Friday, December 5, 2008

Favorite Projects Series, Installment 2

The previous project in this series I chose as a favorite due to the impact it had for the user. I consider this second project to be a favorite for the interesting technical challenges that it presented. While it certainly had impact for a lot of users, that was far less visible to me.

I lead a team of about three developers on this project at A.G. Edwards. The project was named BLServer based on a service by the same name that we used from an external provider. This provider's service was implemented using a COBOL program that would handle requests over a limited number of network connections. It had a number of limitations that we needed to overcome, which we did by wrapping it with Message-Driven Web Service running in a Weblogic cluster.

The function of the BLServer service was to receive messages for account creation and modification, including changes in holdings of various securities. The provider's BLServer had a nightly maintenance window (I think it was about four hours), and used a proprietary message format. It was secured by using a dedicated leased line and a single common password.

Our wrapping BLServer service was required 1) to expose a standards-based (SOAP) interface, 2) to provide 24x7 uptime, 3) to preserve message ordering, 4) to secure access to the service without exposing the single common password, and 5) to queue requests during maintenance windows delivering them when the provider's BLServer became available. There were also scalability and performance issues which, in combination with message ordering requirements, drove us to an interesting solution. I'm not sure about the exact scalability requirements, since that was four years ago. If I remember correctly, we initially had to be able to handle about 300,000 requests during a normal 8-hour business day, with the ability to handle peak loads of around 1.5 million per day.

The first benefit that our service provided was to expose a standards-based (SOAP) interface, and interact with the provider BLServer which took requests and delivered responses using a proprietary protocol and message format. Our service was then used by application Web Services to provide customer value.

In order to meet the scalability and availability requirements, we proposed standing up a small cluster of WebLogic engines to host a BLServer WebService. This WebService would receive requests and (using JMS) queue them for processing. Responses would then be queued for later retrieval by the calling services. By queuing requests in this way, we could use the transactionality of the JMS provider to guarantee that each message was processed once and only once. Furthermore, we could queue up a backlog of messages and feed them through the finite number of connections made available by the provider BLServer.

By using a cluster, we would be able to handle the necessary load of incoming requests, queue them, and run them through the provider BLServer, keeping it as fully loaded as possible over the finite number of available connections.

Aye, but here's the rub. We had a cluster of WebLogic engines pulling messages from the queue. How do you go about maintaining message order while at the same time leveraging the parallelization of the cluster to handle the load? Consider what happens if you have two messages in the queue in order. The first is a stock sell that results in an increase in available cash. The second is a buy that uses the that cash to buy some other stock. You can see that these must be processed in order. If one server in the cluster grabs the first from the queue, and another grabs the second, there's no guarantee that the sell will be handled first by the provider BLServer. Therefore, we have to guarantee the order in our BLServer service.

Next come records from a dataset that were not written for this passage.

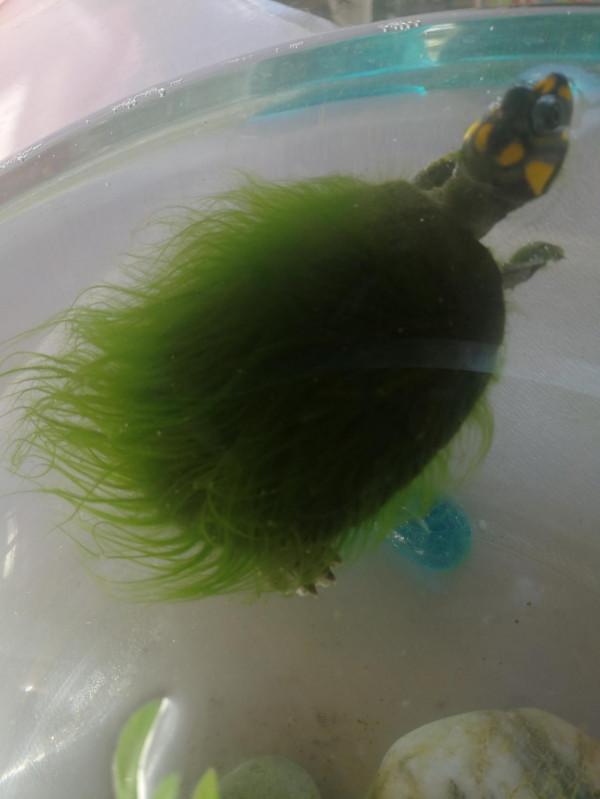 我家養了一隻&OpenCurlyDoubleQuote;綠毛龜&rdquo;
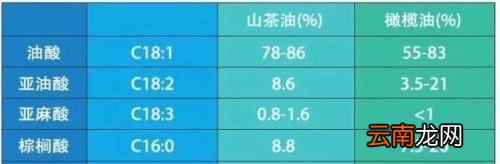 茶油与橄榄油有什么区别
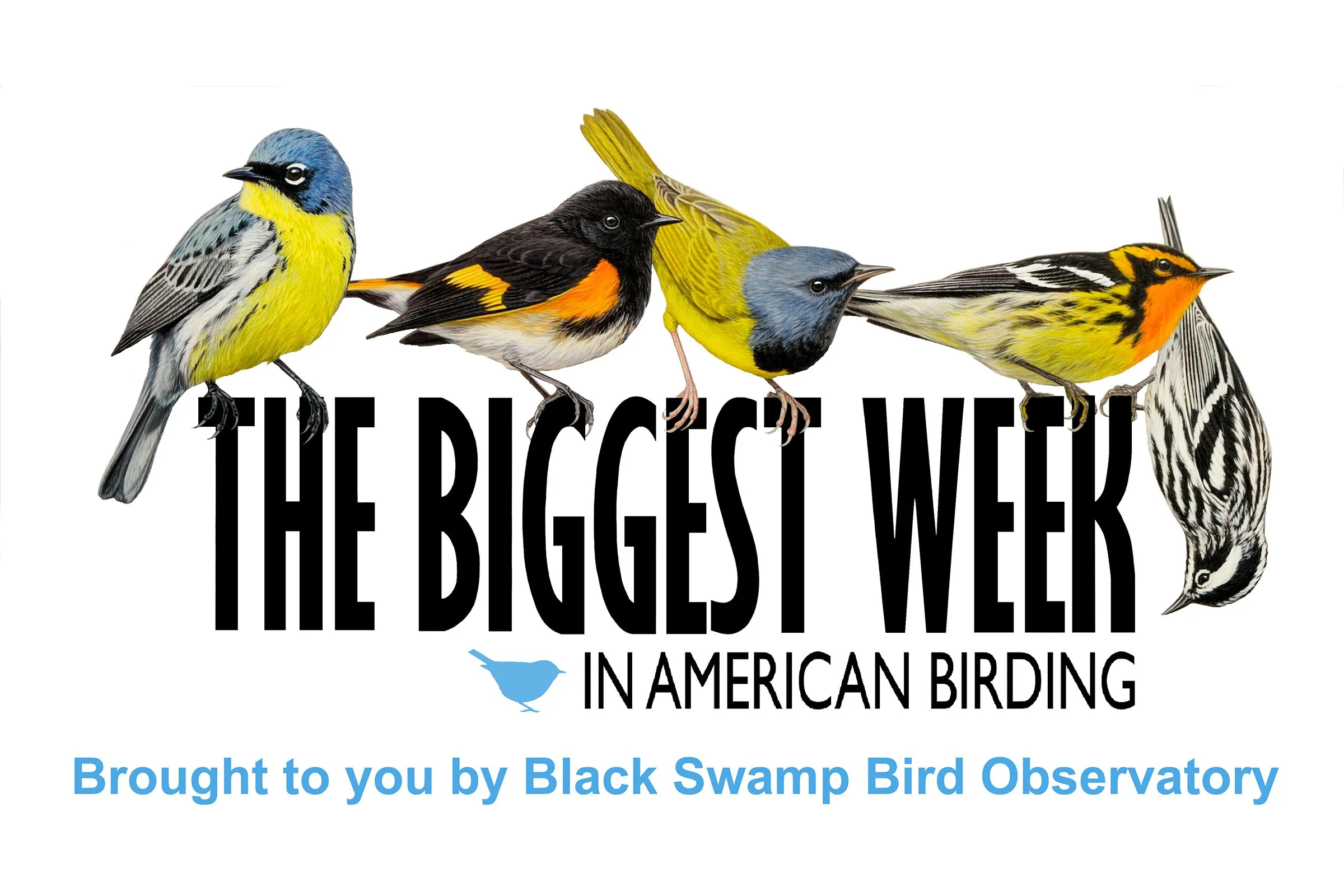 Biggest Week In American Birding ~ Spotlight Presentor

How to do that? The solution became more obvious once we realized that total message ordering was not required. What's really required is that messages within certain groups be correctly ordered. These groups are identified by key, and all messages for a given key must be ordered. Depending on the type of request, that key might be a CUSIP, might be an account number, or some other identifier.

Now message ordering with scalability becomes simpler. If all messages for a certain key are handled by a given engine, then we can guarantee ordering by pulling a single message at a time from the queue, and processing it to completion before beginning the next message. Other engines in the queue will be doing the same thing at the same time for other keys. Thus, we gain some scalability.

Oooh, but we've just introduced Single Points Of Failure (SPOFs) for each key. If a given server that handles keys that start with '17' for example, and that server crashes, then messages for those keys won't be processed, and we have failed to meet our availability requirements. That's where the second bit of creativity came into play. We employed a lease mechanism. Leases were stored in a highly-available database. Upon startup, a given engine would go to the database and grab a lease record. Each lease represented a group of keys. For example, a lease record might exist for all records starting with the range '00' to '03'. An engine starts up, finds that this lease is the next available, and grabs it. In order to 'grab' a lease, an engine will update the lease with a time in the not-to-distant future, say, five minutes. As long as the engine is up, it will continue to update the lease every two minutes or so with a new time. If the engine crashes, the time expires, and some other engine grabs the lease.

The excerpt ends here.